Imagine 2014 Review: THE CREEP BEHIND THE CAMERA Is A Cute And Clever Hybrid
Is it a drama?
Is it a comedy?
Is it a documentary?
It's... The Creep Behind the Camera!
One of the World Premieres at this year's Imagine Film Festival Amsterdam, The Creep Behind the Camera tells the story of how the film The Creeping Terror got made. Or, rather, it casts its light on the nefarious exploits of the man who directed that movie, the irredeemable con-artist (and all-round asshole) Art Nelson aka. Vic Savage.
Years ago, director Pete Schuermann came upon the story of The Creeping Terror by chance, and was amused enough to check and see if he could make a documentary out of it. After some digging and talking, he discovered wilder and wilder details, but unfortunately without any pictures or footage attached.
This meant he had to resort to creating at least some re-enactments, and that eventually led to the decision to make the film a comedy-drama instead of a documentary. Then again, the interview footage was too funny not to use. So in the end The Creep Behind the Camera turned into an unusual hybrid: an acted narrative with bits of documentary spliced in between, whenever a story beat seems too strange to be true (like the actual fact that Charles Manson helped out on the set), or whenever a detail needs some additional explaining.
These bits of documentary are often incredibly funny. They also contain animated sequences, describing what writer Allan Silliphant REALLY had in mind when he created the script for The Creeping Terror, which makes the contrast with the eventual execution even more extreme.
The acted narrative itself is unfortunately less successful, intertwining two storylines which never really quite gel. Storyline one is of course the creation of the wretched film, which makes for great comedy. The second storyline is about the relationship between Art Nelson and his first wife Lois, a poor girl abused by her ultra-religious mother, only to be further tortured after her marriage, by a psychopath husband who treats her like his personal slave.

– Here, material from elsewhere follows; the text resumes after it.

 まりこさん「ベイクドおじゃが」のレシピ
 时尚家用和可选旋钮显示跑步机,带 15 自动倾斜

The two storylines skip to each other at will, together creating an endless barrage of defamation towards Nelson as part con-man, part vile abuser, all creep. Which is fine and in all probability what the man deserves, but despite the film being about him, you still never get a good impression about what goes on behind the facade. You don't even find out if Nelson himself thought he could actually direct or not.

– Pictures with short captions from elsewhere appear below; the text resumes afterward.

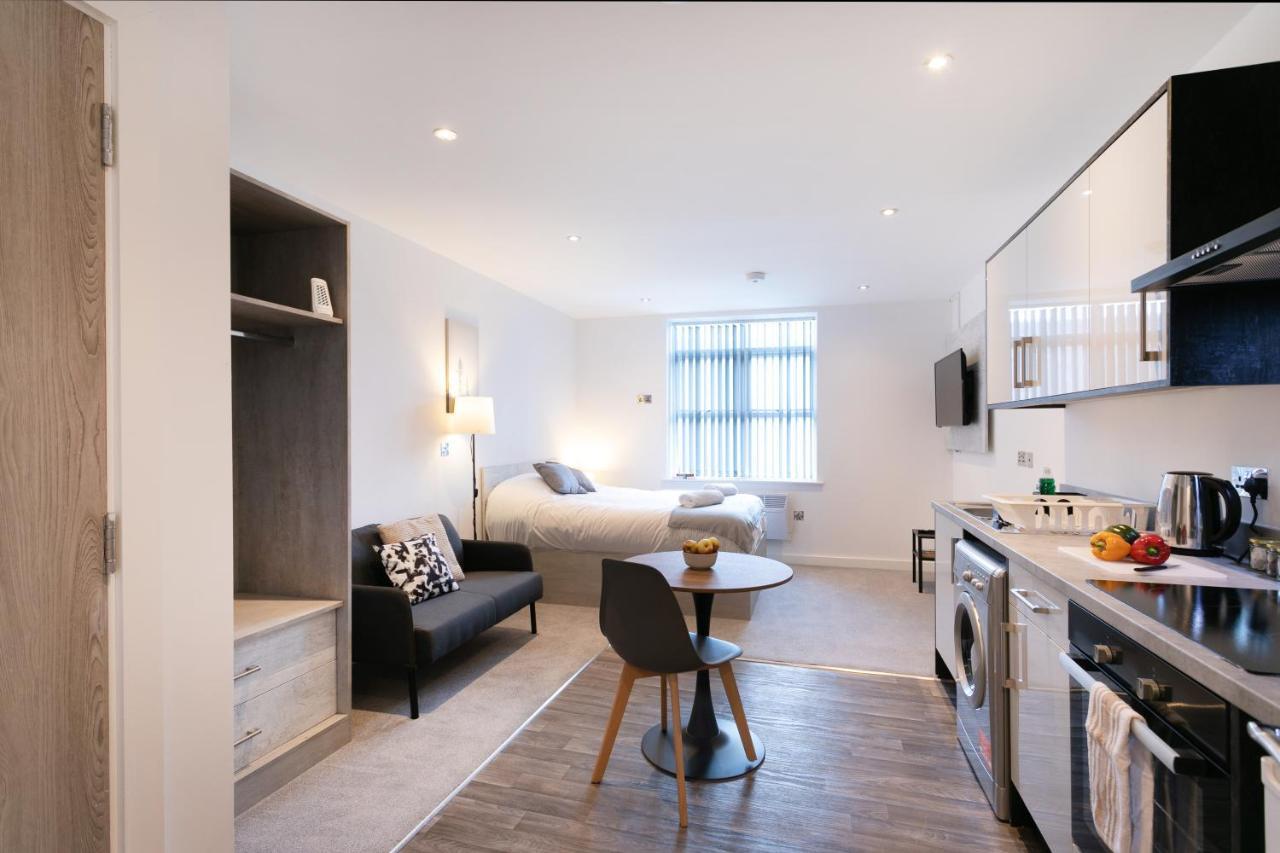 Apartment Hoemli Smart City Centre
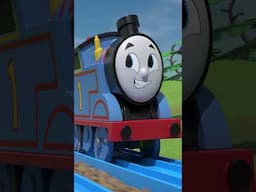 Thomas the Tank Engine has COVID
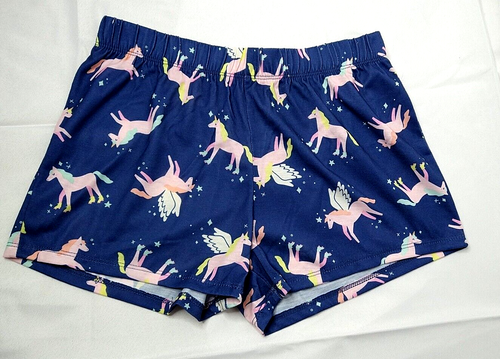 Cat & Jack Girls Pajamas Unicorn Multicolor Size L (10-12) 3 Piece Set New Tags - Picture 7 of 9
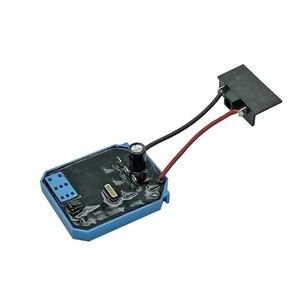 Control Board Metal Power Tool Accessory Switch Control Board 1pc High Quality - Picture 1 of 8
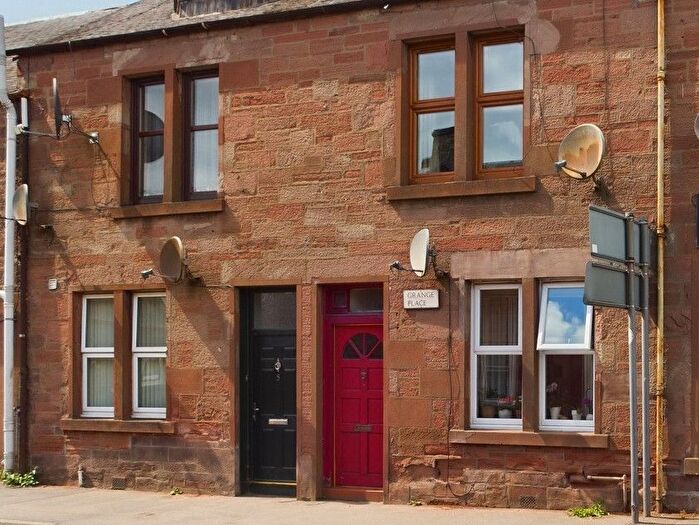 1 Bedroom Flat For Sale In Grange Place, Blairgowrie, PH10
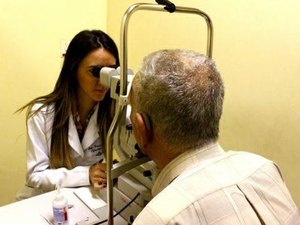 Hospital Universitário fará mutirão para cirurgia de catarata em agosto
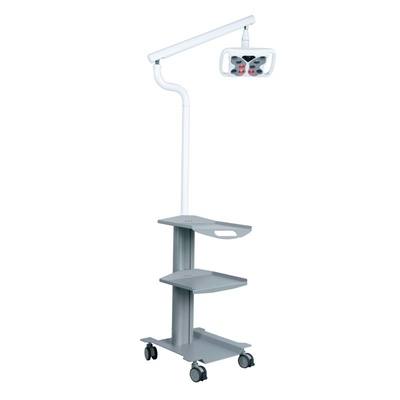 Beauty Salon Equipment Teeth Whitening Machine Dental Clinic Portable Dental Cart with Teeth Bleaching Light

The actors, however, deserve full credit, giving the material their all. Bill LeVasseur is solid as producer William Thourlby, one of the main sources of funding for The Creeping Terror, and also one of the first people to smell a rat.
Josh Phillips plays the maniacal Art Nelson and impressively manages to avoid portraying him as a cartoon, even when the script pushes him hard in that direction. During the scenes of domestic abuse, he even becomes a disturbingly menacing presence, all fun and charm leaving his character at the drop of a hat when necessary.
But perhaps best of all is Jodi Lynn Thomas as the beleaguered Lois, who has the most developed character arc in the film and stays believable throughout. If there is any justice, these three actors should fast become more famous because of their work in this film.
In the end, The Creep Behind the Camera doesn't quite entirely come together, nor does it become as great as you'd want it to. But it is a cute and clever hybrid which makes for some thoroughly enjoyable viewing, due to its bizarre subject-matter and the damn good acting from its leads.
The audiences at Imagine Amsterdam liked it too, and awarded the film a rating of 6.9 out of 10.